Guy Sorman, İslam’a yöneltilen eleştiri ve suçlamalara, belgelere dayanan susturucu karşılıklar veriyor. Geri kalmışlıkla, yoksullukla, cehaletle ilgili olarak içten ve dıştan İslam’a yöneltilmiş karalamalara karşı bu dini aklamak için sanki mensuplarından biriymiş gibi ciddi bir çaba gösteriyor. İslam’ın bir din olarak geri kalma nedeni olamayacağını, başka dinler için de bunun söylenebileceğini öne sürüyor. Geriliğin şu veya bu dinden değil; politik, ekonomik ve toplumsal düzenden kaynaklandığını; bilhassa despot yönetimlerin hiçbir ülkede ekonomik gelişmeye, toplumsal kalkınmaya imza atamadığını; İslam ülkelerinin çoğunun da bu anlamda yönetimlere sahip olduğunu belirtiyor. Ayrıca İslam’dan kaynaklandığı sanılan bazı çağ dışı uygulamaların; ataerkil kültürün, geleneklerin, yaşanılan coğrafyanın bir ürünü olduğuna dikkat çekiyor. Ona göre bugünün bazı İslam ülkelerinde yürürlükte olan kişisel ve toplumsal hayatla, kadının statüsüyle ilgili birtakım yasak ve kısıtlamaların dinsel dayanağı bulunmamaktadır. Suudi Arabistan’da kadınlara konulan otomobil kullanma yasağı, bu anlamda yasaklara bir örnektir.
“İslamiyet her şeyden önce kapitalizme Hristiyanlıktan çok daha elverişlidir. Peygamber (Hz. Muhammed) büyük tüccardı ve girişimci bir kadının eşiydi. İsa, Buda ve Konfüçyüs için aynı şey söylenemez. İslam diğer dinlerden farklı olarak dünya nimetlerinden el etek çekmeyi onaylamıyor. Zenginliği kutsuyor.” (s.86).

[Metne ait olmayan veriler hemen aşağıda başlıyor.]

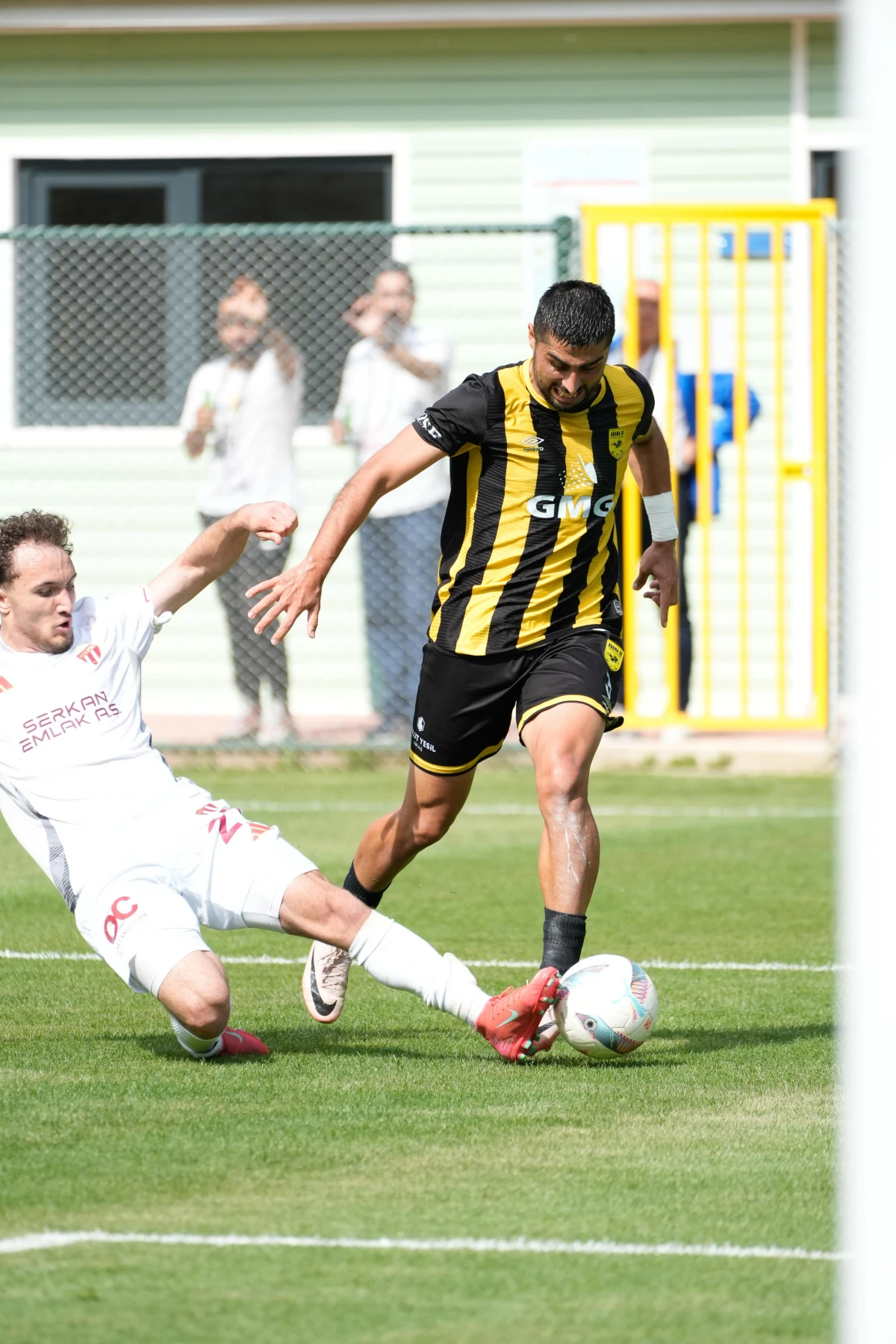Adana 01 FK: 4- İnegölspor: 2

“İslam ile demokrasi bağdaşabilir. Müslüman halkların gözünde İslam ile demokrasinin uyumu ve uzlaşması; İslam’ın despotizmle, herhangi bir radikalizmle uzlaşmasından daha kolaydır.” (Önsöz, s.XIV)

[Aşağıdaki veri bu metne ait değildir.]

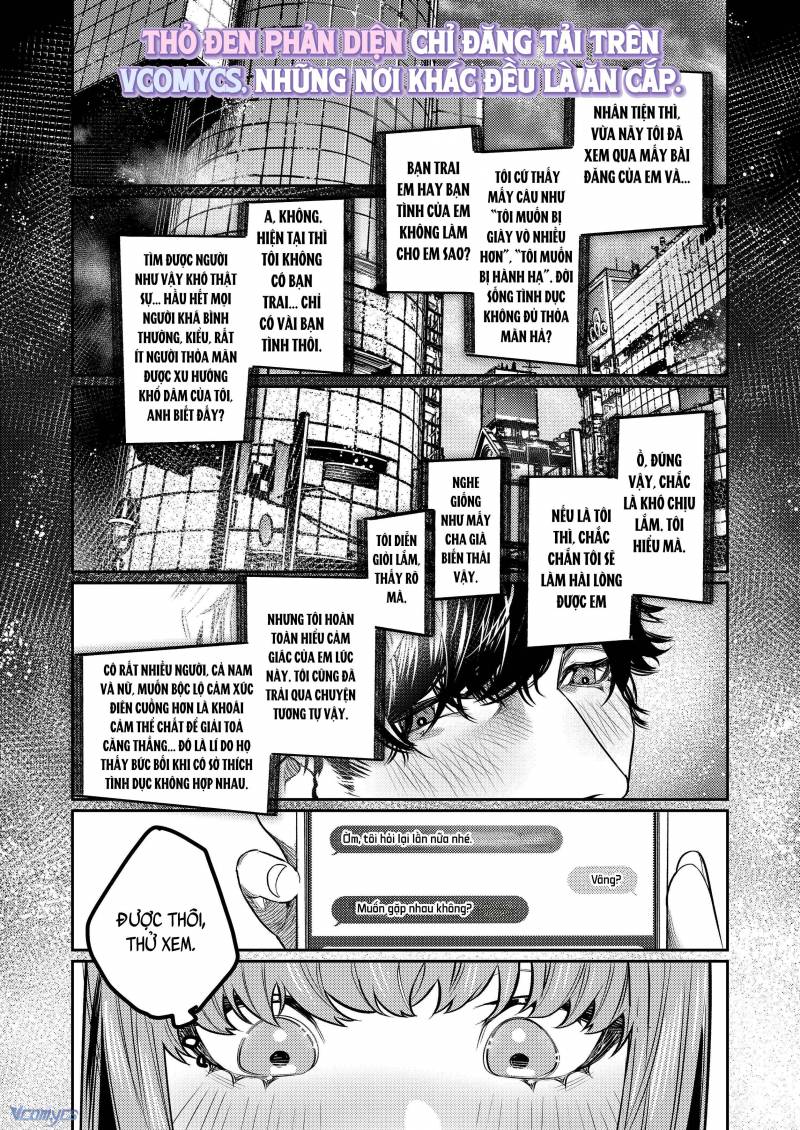 [18+] Tuyển Tập Truyện Ngắn Sếch Tàn Bạo Chap Chap 44-[18+] Tuyển Tập Truyện Ngắn Sếch Tàn Bạo - Next Chap 70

Guy Sorman, kitabını hazırlarken İslam dünyasının belli başlı bütün ülkelerini dolaşmış. Bu ülkelerin toplumsal, ekonomik, politik problemlerini yerinde gözlemiş; ayırım yapmadan her türlü ideolojik akımın temsilcileriyle görüşmüş. Gerçeklere ulaşabilmek için birtakım sıkıntılara katlanmış, bazı riskleri göze almış. Anlayacağınız elimizdeki hacimli kitap, fildişi kuleden etrafı seyrederken yazılmış bir eser değil. Fas’tan Endonezya’ya, Türkiye’den Suudi Arabistan’a gittiği, gördüğü her Müslüman ülke ile ilgili bilmediğimiz birçok şeyi hayret ve hayranlıkla bu kitaptan öğrenebiliyoruz. Bazı Müslüman okuyucuların yazara, “Biz İslam’la ve İslam dünyası ile ilgili birçok şeyi sizin kitabınızdan öğrendik” demeleri nedensiz değil!